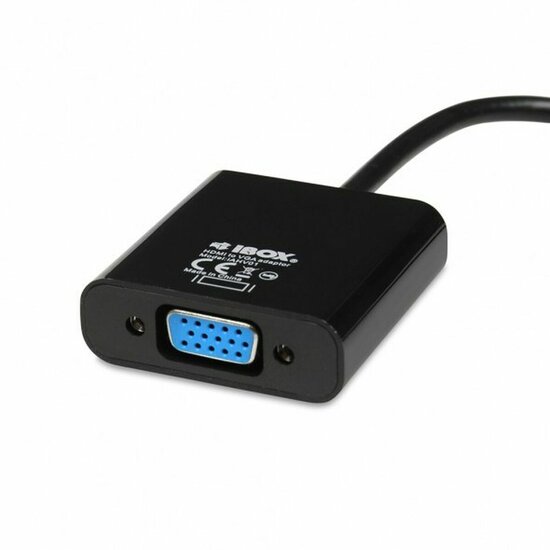 Adapter HDMI naar VGA Ibox IAHV01 Zwart 2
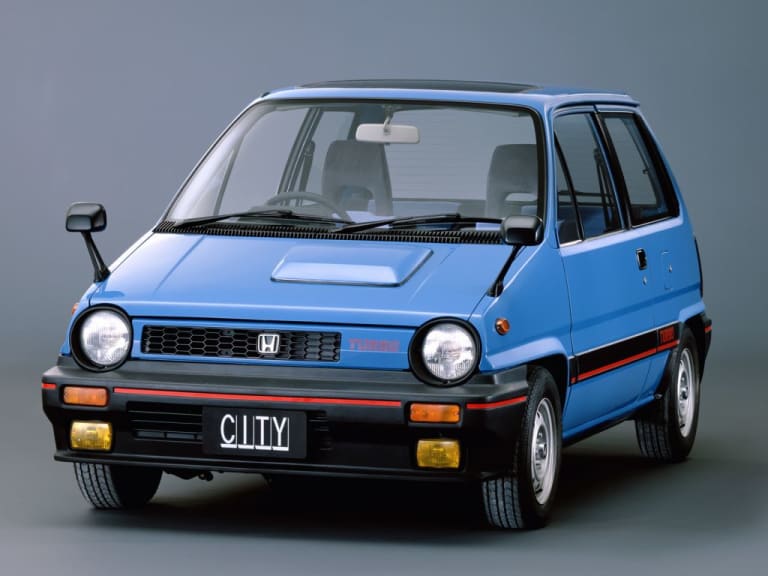 Honda City : une Twingo avant l'heure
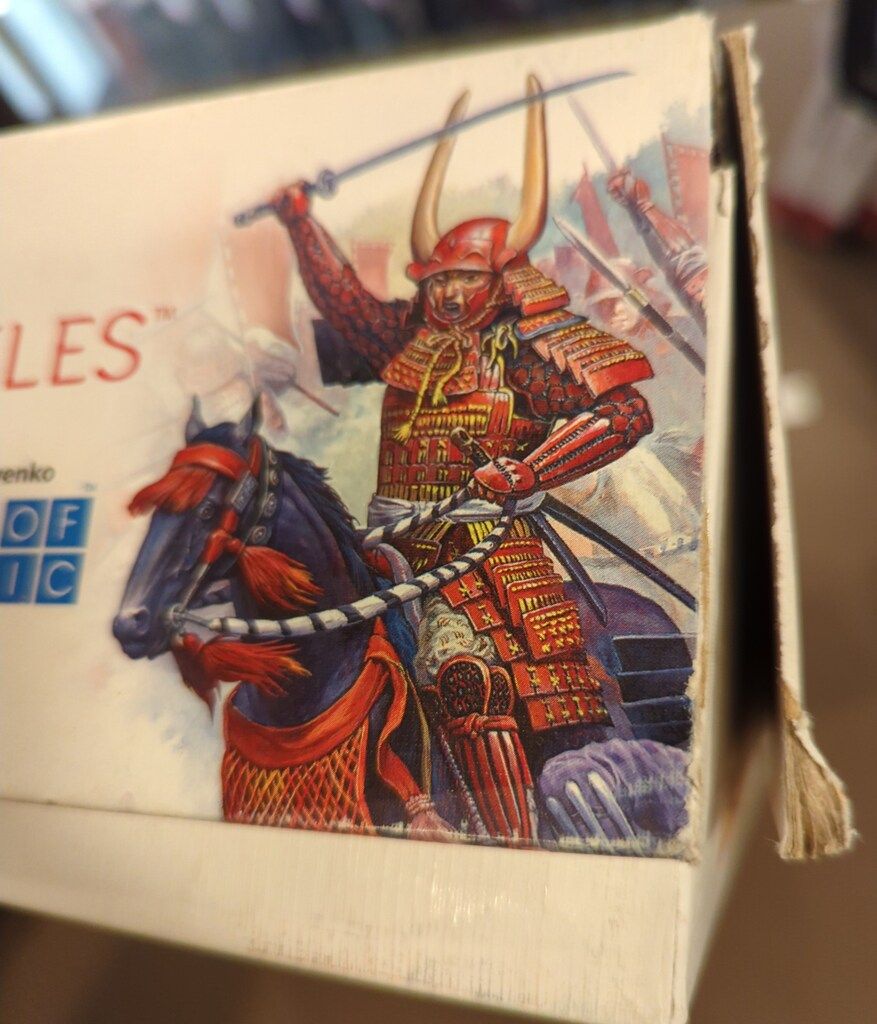 ZVEZDA HISTORICAL WARGAME SAMURAI BATTLES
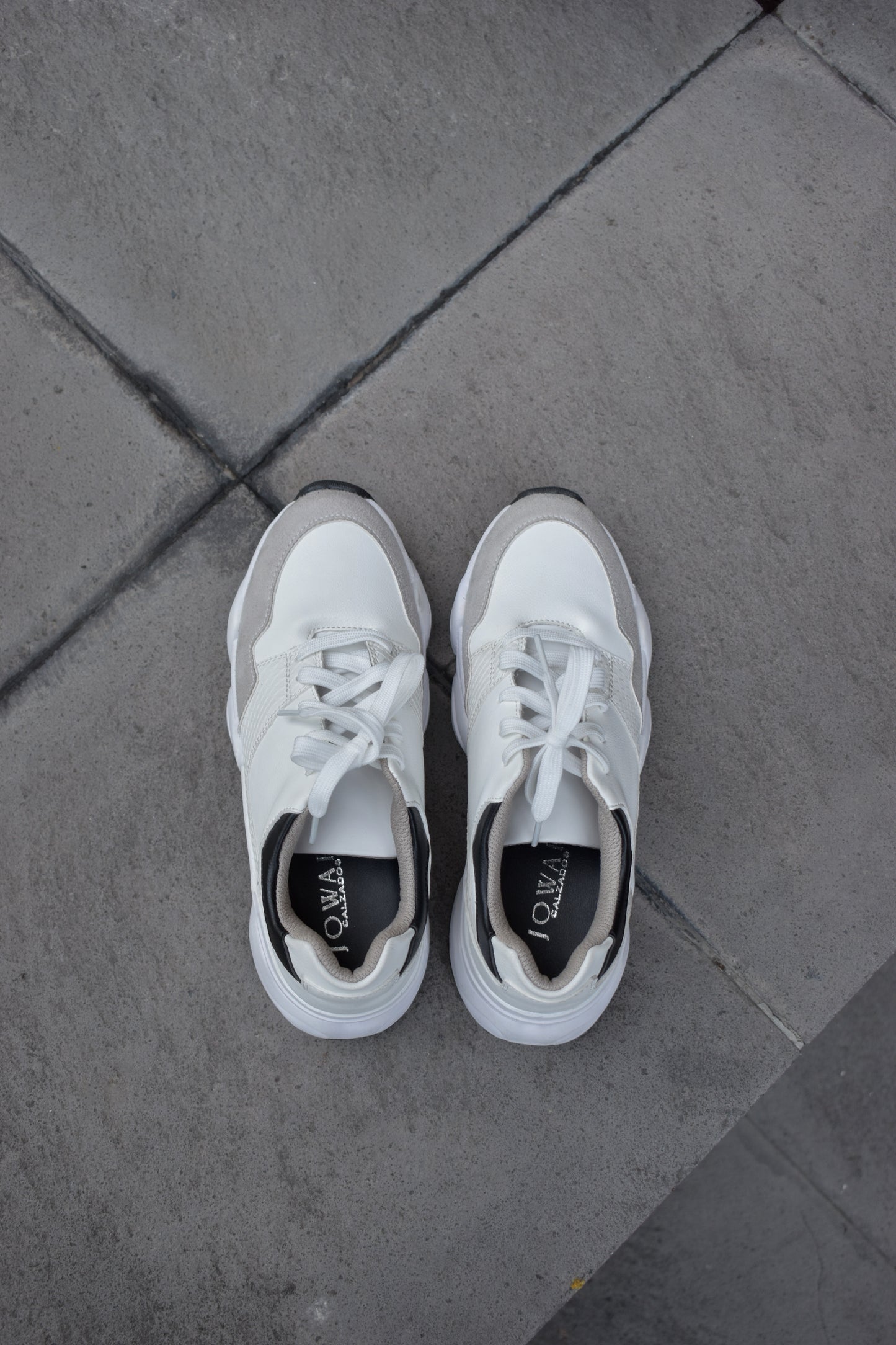 Zapatillas NATALIA blanco
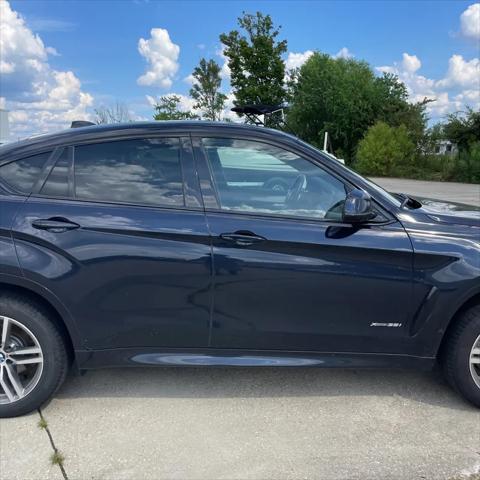 used 2018 BMW X6 car, priced at $22,495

--- TASK BRIEF ---
Transcribe exactly the lines from the one holding "ZVEZDA HISTORICAL WARGAME SAMURAI BATTLES" through the final line of the material above, both ends included; any pictures should be dropped.

--- EXPECTED OUTPUT ---
 ZVEZDA HISTORICAL WARGAME SAMURAI BATTLES
 Zapatillas NATALIA blanco
 used 2018 BMW X6 car, priced at $22,495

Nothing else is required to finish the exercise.